Improper integration problem

Question

$$ \int \limits^{\infty }_{0}\frac{\tan^{-1}\left( x\right) + \tan^{-1}\left( \frac{\alpha x +\beta }{\beta x -\alpha } \right) }{x^{2}+1} dx$$. For $ \alpha, \beta >0$... My question is how we can evaluate this improper integration above?. Actually I tried partial fraction and many other ways but I couldn't complete. How I can find the value of this integration?. Thanks

Answer 1

Remember that the derivative of $\tan^{-1}(x)$ is $\dfrac{1}{x^2+1}$.

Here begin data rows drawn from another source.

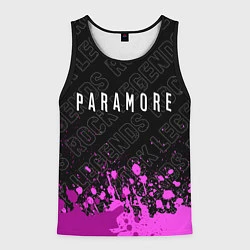 Майка-безрукавка мужская Paramore rock legends посередине, цвет: 3D-черный
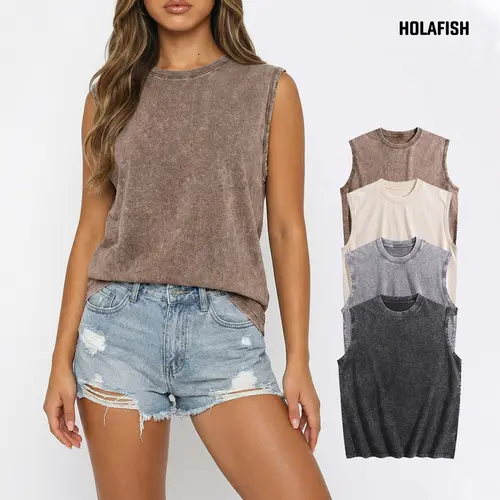 Holafish Oversized Womens Unisex Vintage Acid Washed Tank Top for Women Hip-length Fit ,Sleeveless tTshirt Crewneck Loose Fit Cotton Shirt,Relaxed Fit Tops Gyms Wash T-Shirt Running Beach Loose Fiting Undershirt Casual Leggings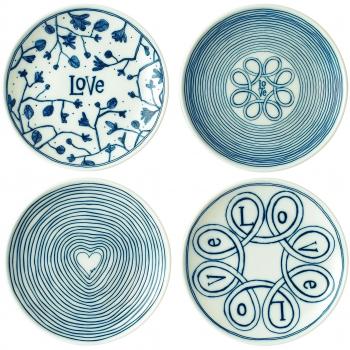 Royal Doulton placa 16 cm Love Set/4, porcelana, azul, 19,3 x 6,5 x 19 cm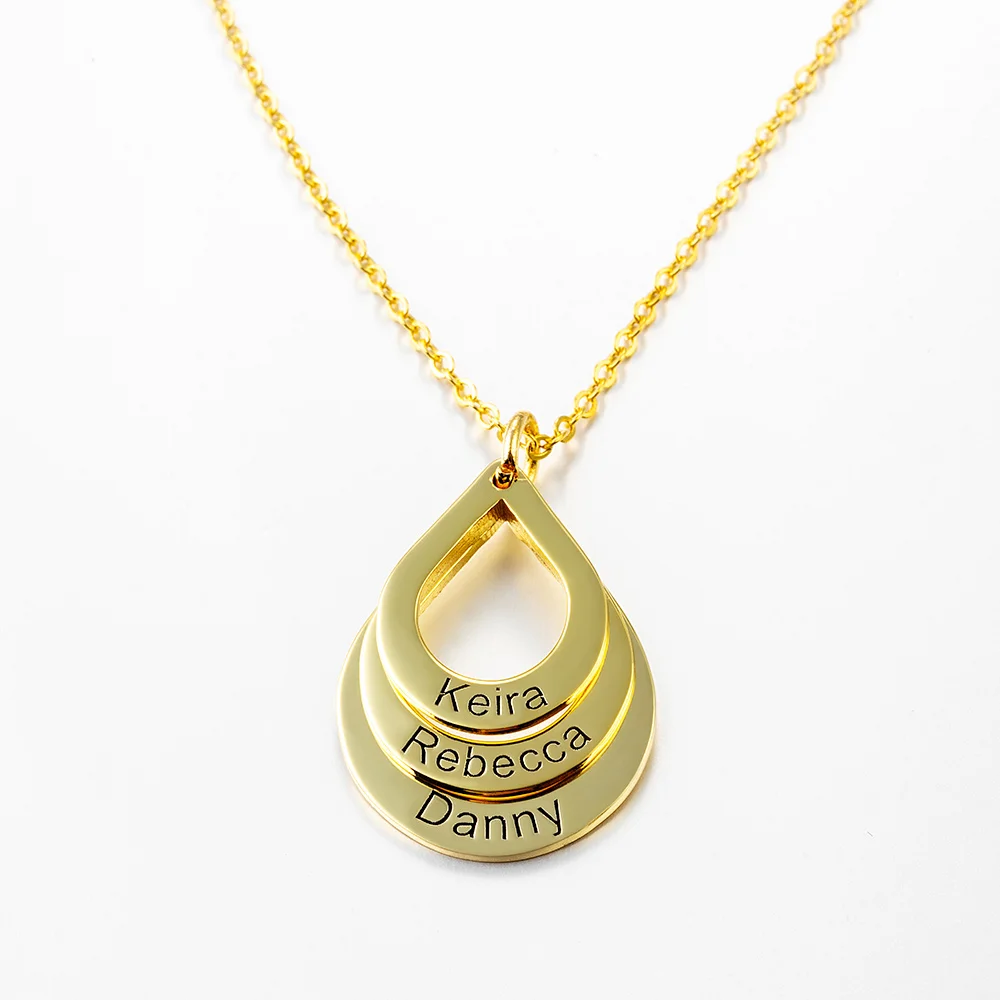 Vangogifts Custom Name Drop Shaped Necklace | Best Gift for Mom Wife Girlfriend Family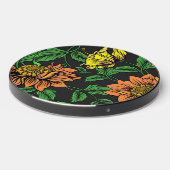 Bright Flowers Pop from Black Background Wireless Charger (Front 2)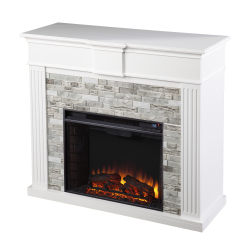 SEI Furniture Bondale Electric Fireplace With Faux Stone Surround, 38-1/4"H x 41-3/4"W x 15-3/4"D, White/Gray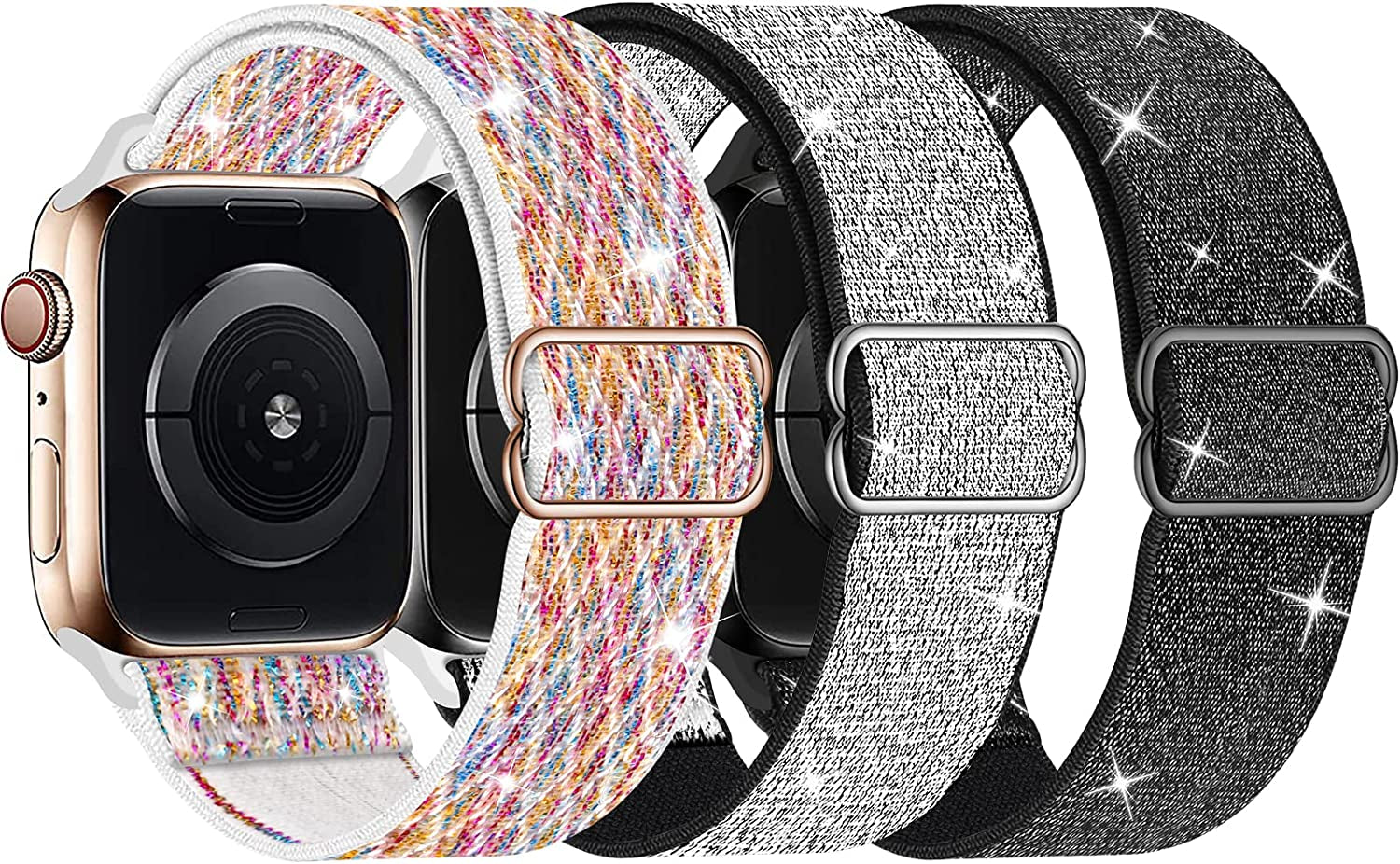 Swhatty Stretchy Nylon Solo Loop Bands Compatible with Apple Watch 41Mm 40Mm 38Mm, Adjustable Braided Sport Elastics Women Men Strap for Iwatch Series 8 7 6 5 4 3 2 1 SE (Black, Rose Pink, Cream)  Swhatty Sparkly Black/Shiny Silver/Colorful 38mm/40mm/41mm 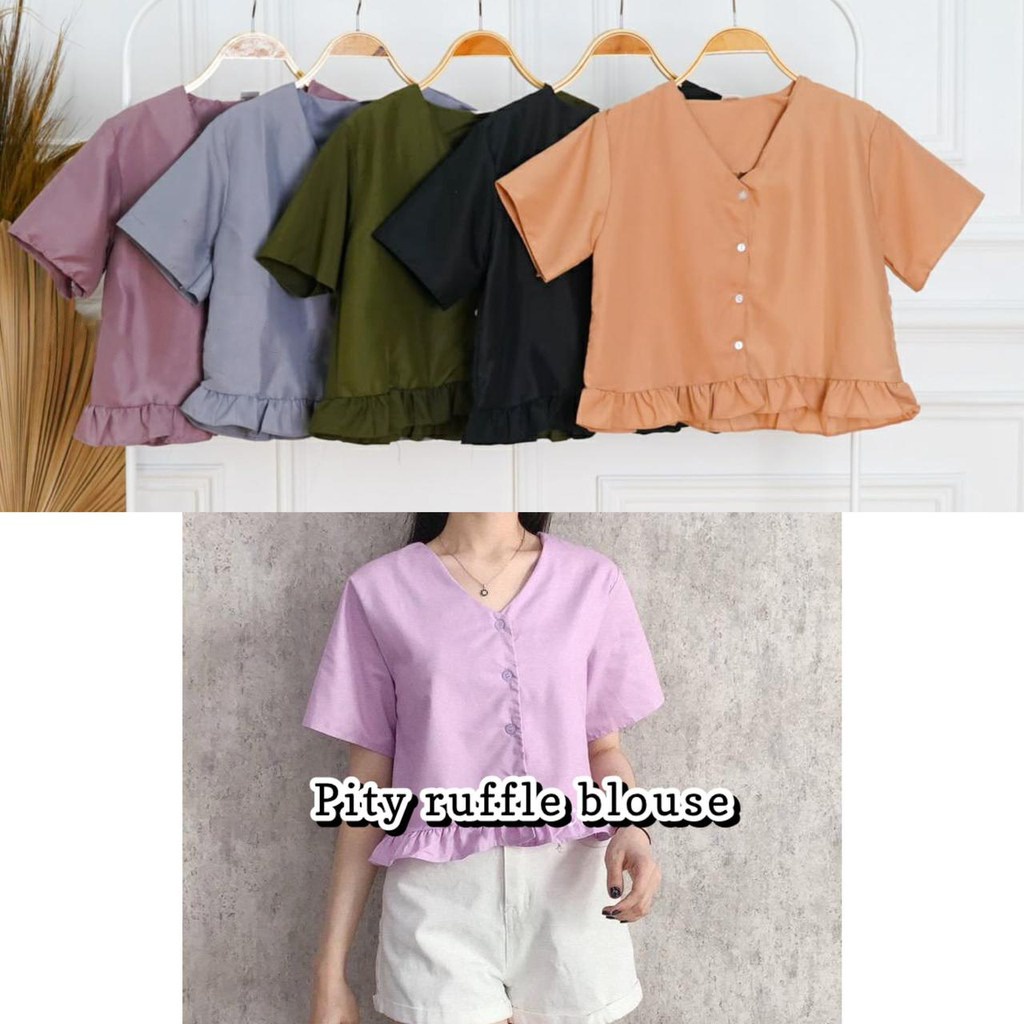 Pitty Ruffle Blouse | Blouse Wanita Terbaru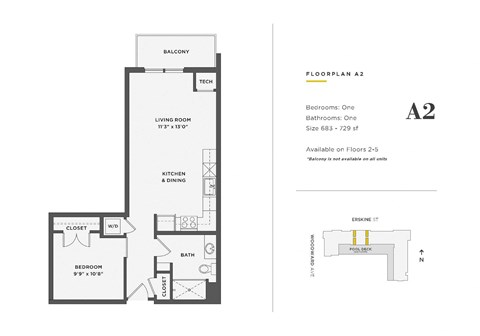 Floor plan for 1 bed, 1 bath, 683 sqft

This might make you curious as to what the derivative of the second inverse tangent term is: $$\dfrac{d}{dx}\left[ \tan^{-1}\left(\frac{\alpha x+\beta}{\beta x - \alpha}\right)\right] = \dfrac{1}{1+((\alpha x+\beta)/(\beta x-\alpha))^2}\cdot\frac{\alpha(\beta x-\alpha)-(\alpha x+\beta)\beta}{(\beta x-\alpha)^2}$$

$$=\dfrac{1}{\dfrac{(\beta x-\alpha)^2+(\alpha x+\beta)^2}{(\beta x-\alpha)^2}} \cdot \dfrac{-\alpha^2-\beta^2}{(\beta x-\alpha)^2} = -\dfrac{\alpha^2+\beta^2}{(\alpha^2+\beta^2)(x^2+1)} = -\dfrac{1}{x^2+1}$$

This means you can integrate: $\dfrac{\tan^{-1}(x)}{x^2+1}$ using a $u$-substitution: $u=\tan^{-1}(x)$ and then integrate $\dfrac{\tan^{-1}\left(\frac{\alpha x+\beta}{\beta x - \alpha}\right)}{x^2+1}$ using a $u$-substitution: $u=\tan^{-1}\left(\frac{\alpha x+\beta}{\beta x - \alpha}\right)$.

I hope this helps get you started! :)

Answer 2

Sketch:

$$\arctan(a) + \arctan(b) = \arctan \bigg(\frac{a+b}{1-ab}\bigg) $$

Plug in our values to get $\arctan \big(-\frac{ \beta}{\alpha}\big )$.

Hope this helps.